Phlebotomist: Needle Positioning « Allied Health World Blog

Phlebotomist: Needle Positioning

A common cause of a blood draw failure is improper needle position. An experienced phlebotomist is able to identify visual cues that can help to determine if a needle is correctly positioned in the vein. There are five different needle positions that can affect blood flow and impede blood collection.
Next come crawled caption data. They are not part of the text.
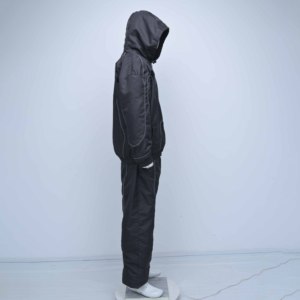 Premium Quality Nylon <b>Windbreaker</b> <b>Black</b> Tracksuit Full Length Zipper With Screen Printing Adult Unisex Polyester Solid Color - Product Image 4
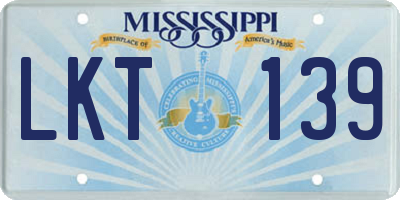 MS license plate LKT139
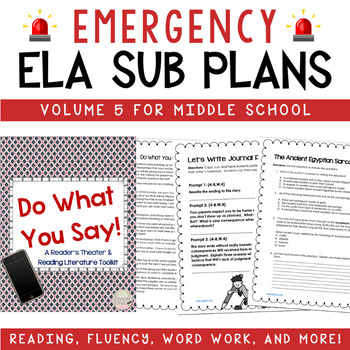 Preview of ELA Emergency Sub Plans for Middle School Vol. 5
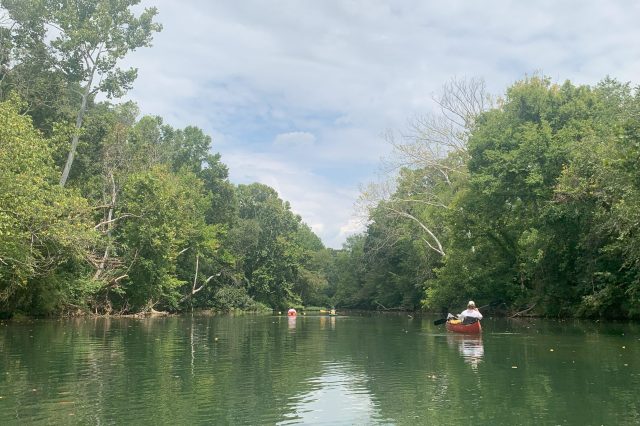 Kayakers Paddling Down A River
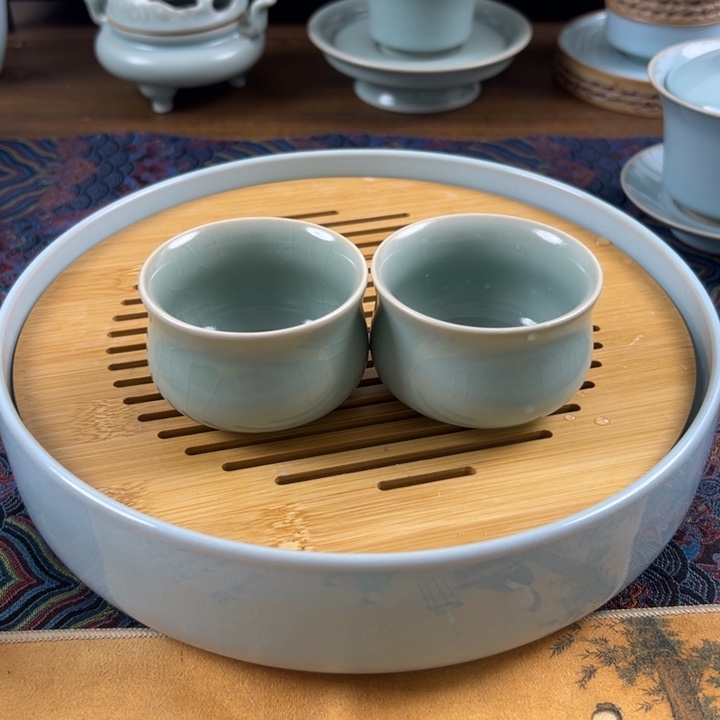 摆件瓷仿古釉釉水如意杯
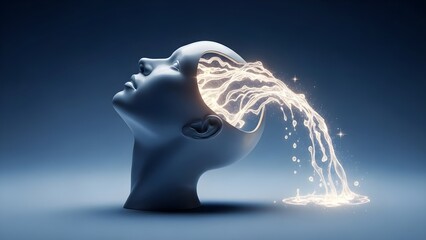 Abstract representation of human mind and consciousness with glowing energy emanating from the head.
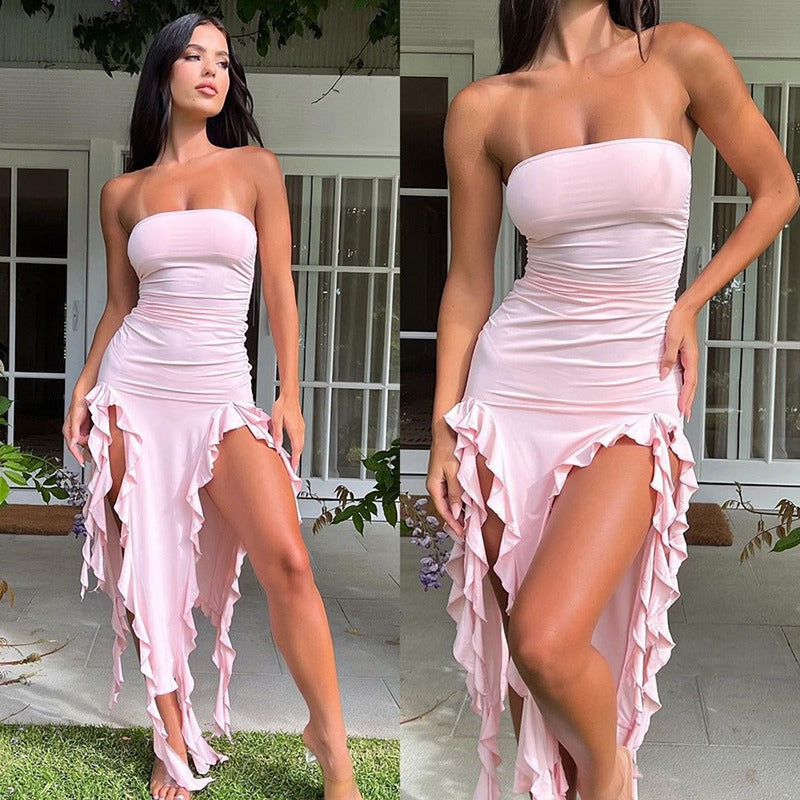 Women's One Shoulder Tube Top Dress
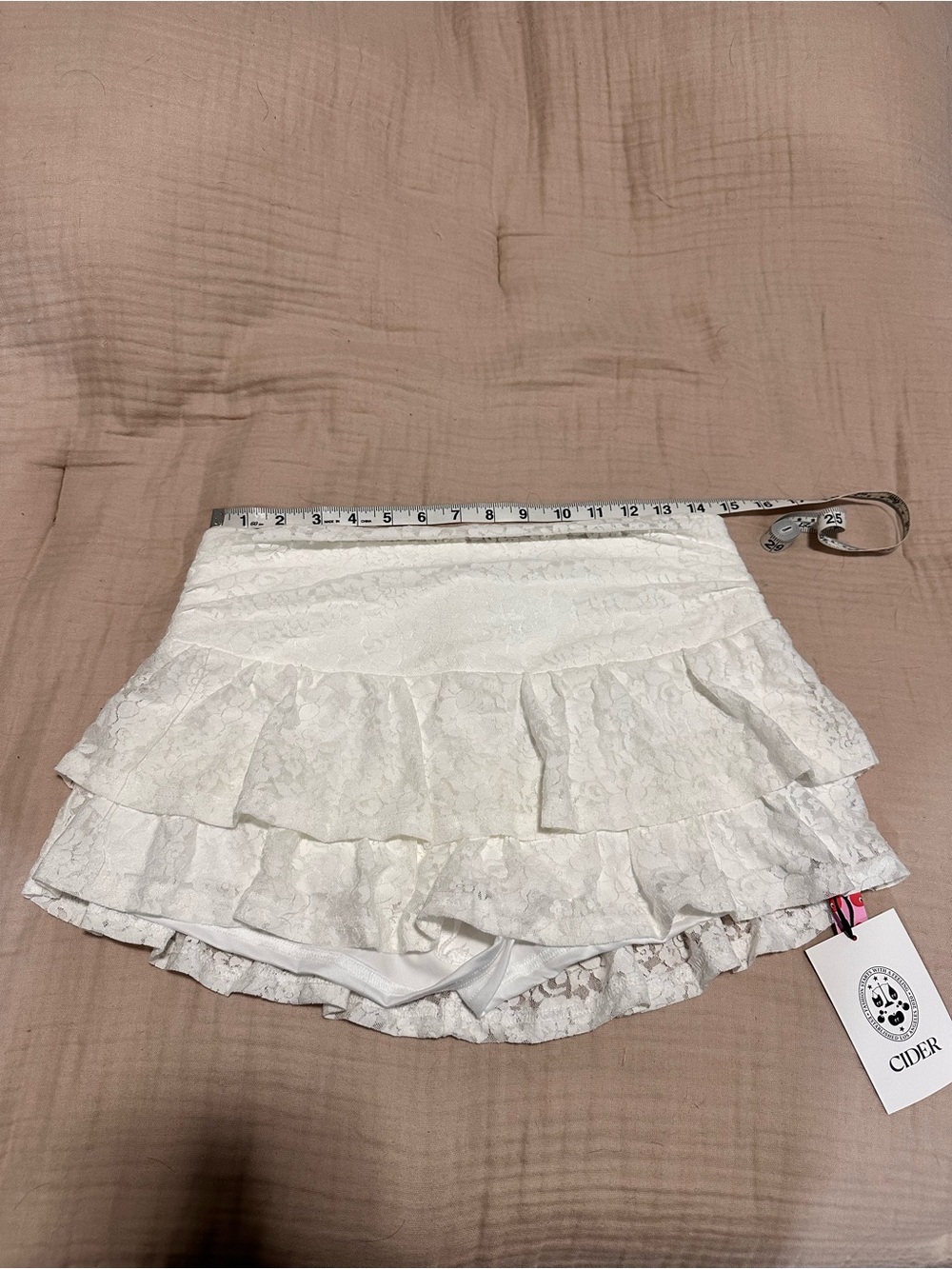 Cider White Lace Tiered Mini Skirt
Bevel Against The Vein Wall

If the needle bevel is up against the upper of lower wall of the vein blood flow can be affected. The needle angle is usually the cause of this problem and can be easily fixed by changing the angle. An angle that is too shallow can cause the needle to come into contact with the upper wall; an angle that is too steep can cause the needle to come into contact with the lower wall. This commonly occurs when a needle is inserted in a bend in a vein or at a point where a vein goes deeper into the skin. Unfortunately, all of these situations are difficult to detect. A highly skilled phlebotomist will likely try to reestablish blood flow by releasing the vacuum pull on the vein and retract the needle slightly. If blood flow is not established after these modifications, the problem is likely due to the placement of the bevel and the vein wall.

Needle Too Deep

If the needle is inserted too deeply it can very easily penetrate all the way through the vein. This often happens if the needle angle is too steep, or if the tube holder is not steady as a tube is pushed onto the needle. If this occurs sometimes slightly withdrawing the needle may reestablish blood flow. A hemotoma can form if the needle position is not corrected quickly.

Needle Not Deep Enough

If a needle is not completely inserted through a vein wall, the flow of blood will be very slow. Blood flow can be improved by gently pushing the needle forward into the vein. A hematoma can also form from partial needle insertion because blood can leak from the vein into the surrounding tissue.

Needle Beside The Vein

Sometimes the needle can slip to the side of a vein instead of into the vein. This occurs more often if a vein is not anchored well with the phlebotomist's thumb during needle insertion. The needle may end up beside and under the vein. Should this occur, a phlebotomist should try and preserve the vacuum, withdraw the needle slightly, anchor the vein well, and redirect the needle into the vein. Never move the needle in a lateral direction to find a vein.

Undetermined Needle Position

Sometimes the position of a needle can not be determined visually and the phlebotomist will have to use her finger to relocate the vein. Once the vein is relocated, the needle should be relocated into it.